Exercise description - The output should be the listing below, limited to the lines from the one with "Blå Begagnad 2005" through the one with "COURTLAND MANOR - Residential", exact and without pictures.

Records for this task -

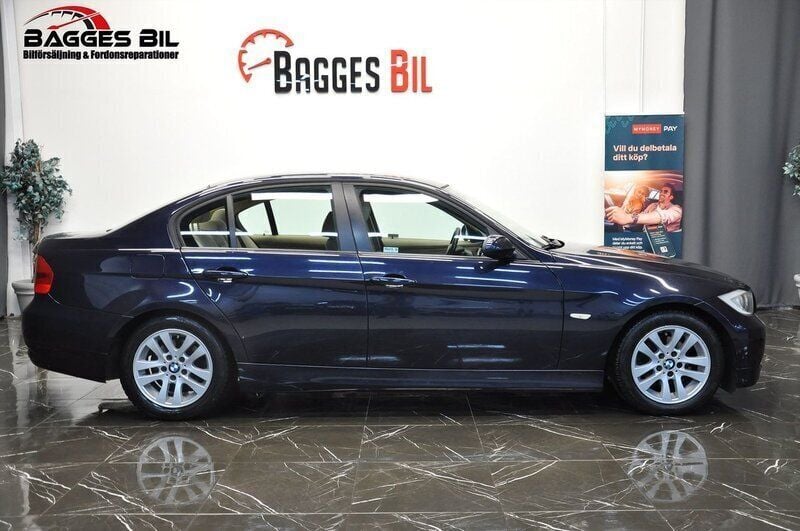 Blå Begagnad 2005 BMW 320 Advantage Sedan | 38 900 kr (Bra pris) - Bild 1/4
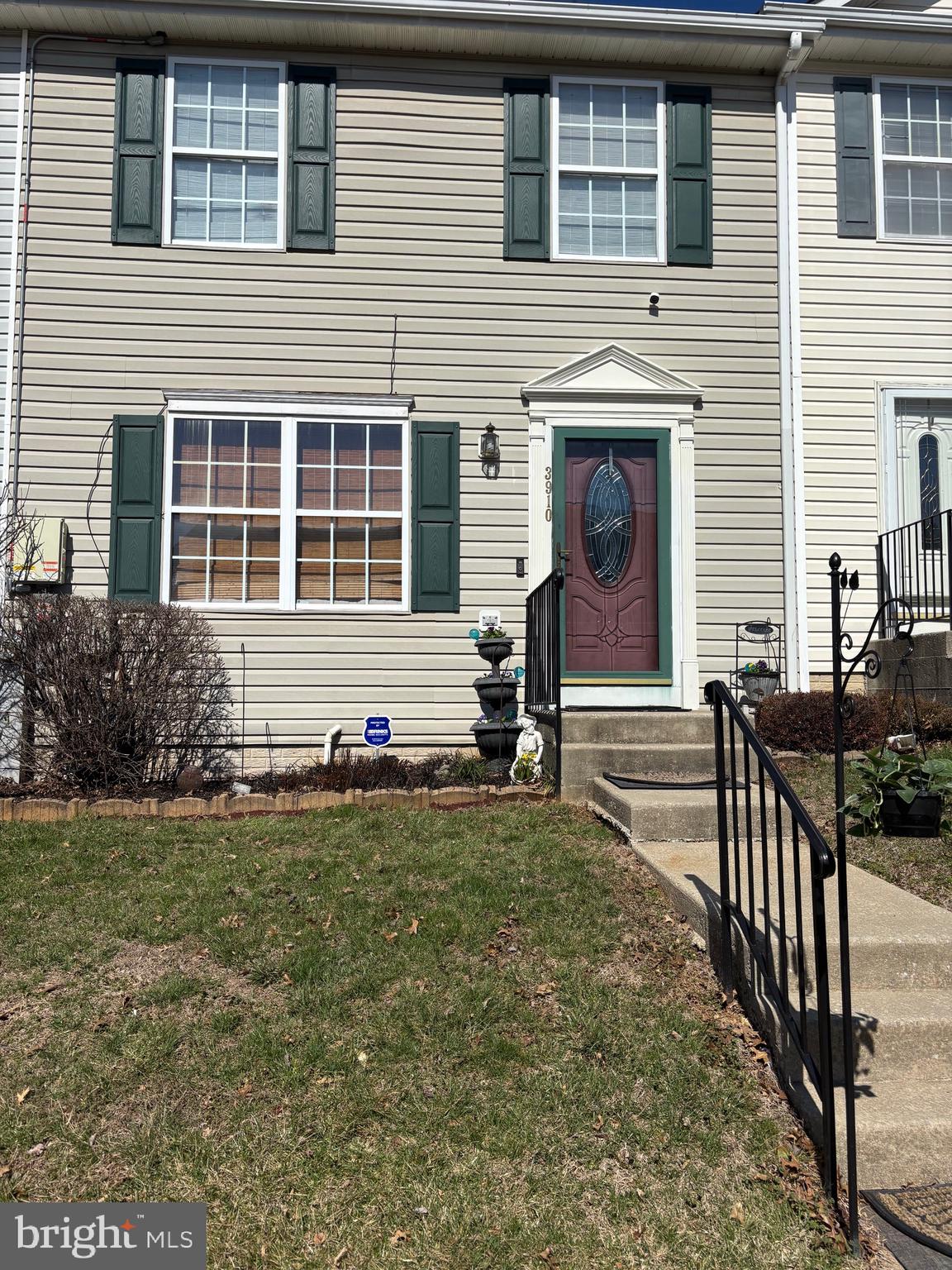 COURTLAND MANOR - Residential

* * *

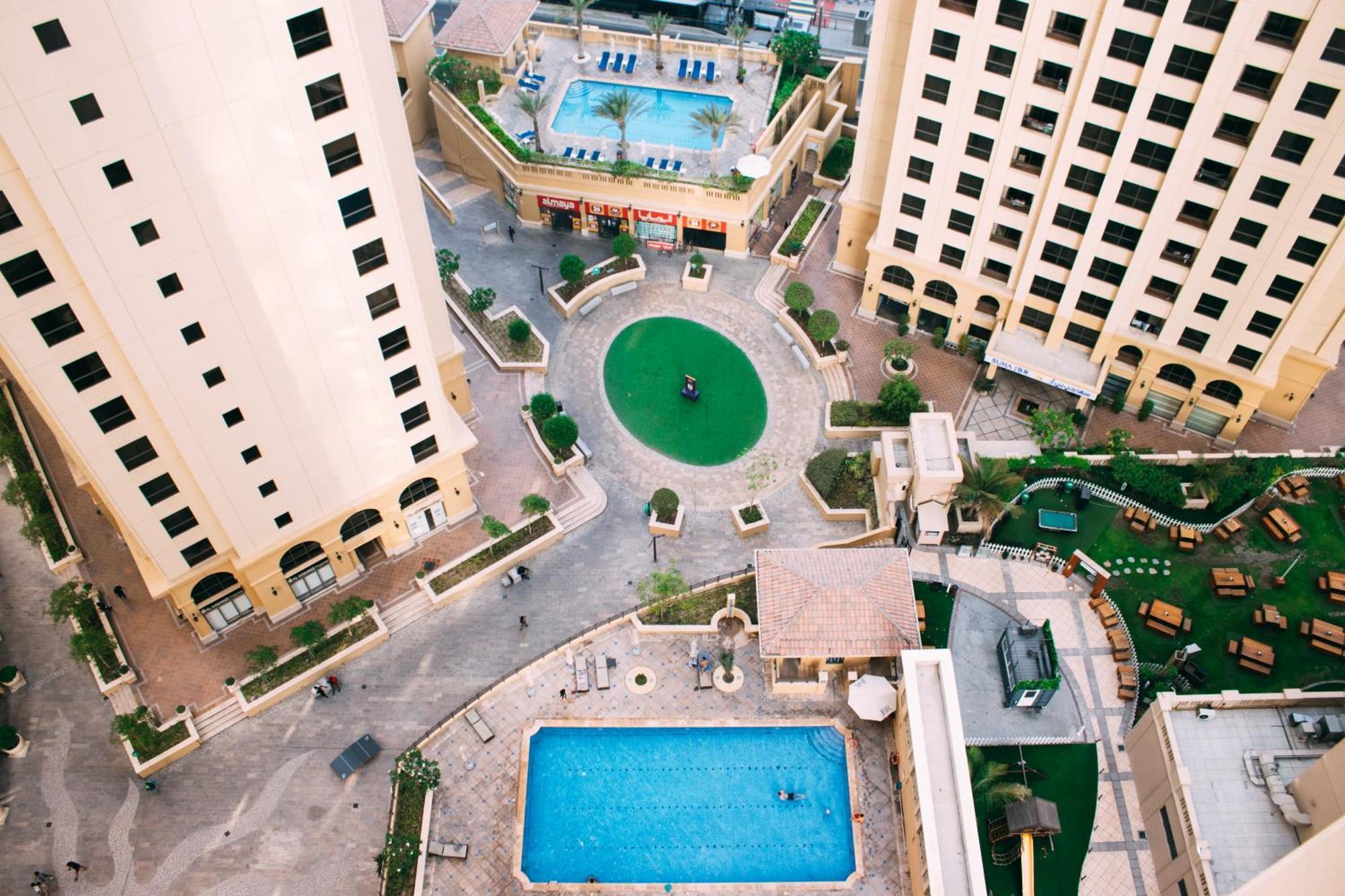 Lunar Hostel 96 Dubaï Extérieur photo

Answer area -
 Blå Begagnad 2005 BMW 320 Advantage Sedan | 38 900 kr (Bra pris) - Bild 1/4
 COURTLAND MANOR - Residential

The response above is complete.